Do you ever take time to shut down? Like a mental, physical or emotional shut down? 2017 seems to be a “valley” year for me. I’ve had so many “quick sand” moments where I’ve started something or worked on something only to get overwhelmed or things not turn out the way I’d like. Feels like I’m stuck in quick sand!

In the past, I’d get frustrated and go in shut down mode. As a way to protect my mind and heart. I still go in shut down mode but now I make sure that there’s a real purpose and I dig deep and try to figure out the lesson in it. I typically ask myself these questions: Was this a me thing or a God thing? What went wrong? Why did I get involved with this?  Why did it turn out the way it did? What was my part in this? Was this a win or loss? Why? Can I fix this? Should I fix this? Can I try again? Should I try again? Usually the first question answers the rest of the questions but as I get older, I realize that my tolerance for foolishness is getting thin.
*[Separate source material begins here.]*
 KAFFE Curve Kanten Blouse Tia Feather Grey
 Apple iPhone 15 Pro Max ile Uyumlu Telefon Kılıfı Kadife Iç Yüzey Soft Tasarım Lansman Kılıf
I LOVE people, unconditionally. I am also very aware that demons get assigned to me to thwart God’s plan for my life. My job is to stay attuned to what God is doing in my life so I can recognize easily when it’s a demonic attack. Not trying to call people demons, lol. Often times people won’t know they’re being used to bring chaos to me. I never point that out to them either 😉 I simply go in shut down mode, pray and wait for the lesson to reveal itself. It always does. Sometimes it’s right away, sometimes it takes a while but I always get answers.

I must be a huge threat to the devil because he’s been attacking so much lately. It’s exhausting! It’s frustrating! I wanna scream all the time! (I do scream in the shower from time to time 😉 ) I wanna give in! But then I realize I serve a BIG BIG God!! A GOOD GOOD God! A father who’ll never leave me and will never let me fall. He’s always with me.

I’m excited and can’t wait to see what happens from all the attacks. Either way, the devil should know he ain’t gonna win!! No sir! lol.

If anyone feels overwhelmed or like you’re drowning with attacks, HANG ON!!! Please don’t give up. Switch your mindset to the fact that you are da bomb!!!! And have a HUGE calling on your life because the devil only comes to attack those who are living for and called by God. Never to those already on his side!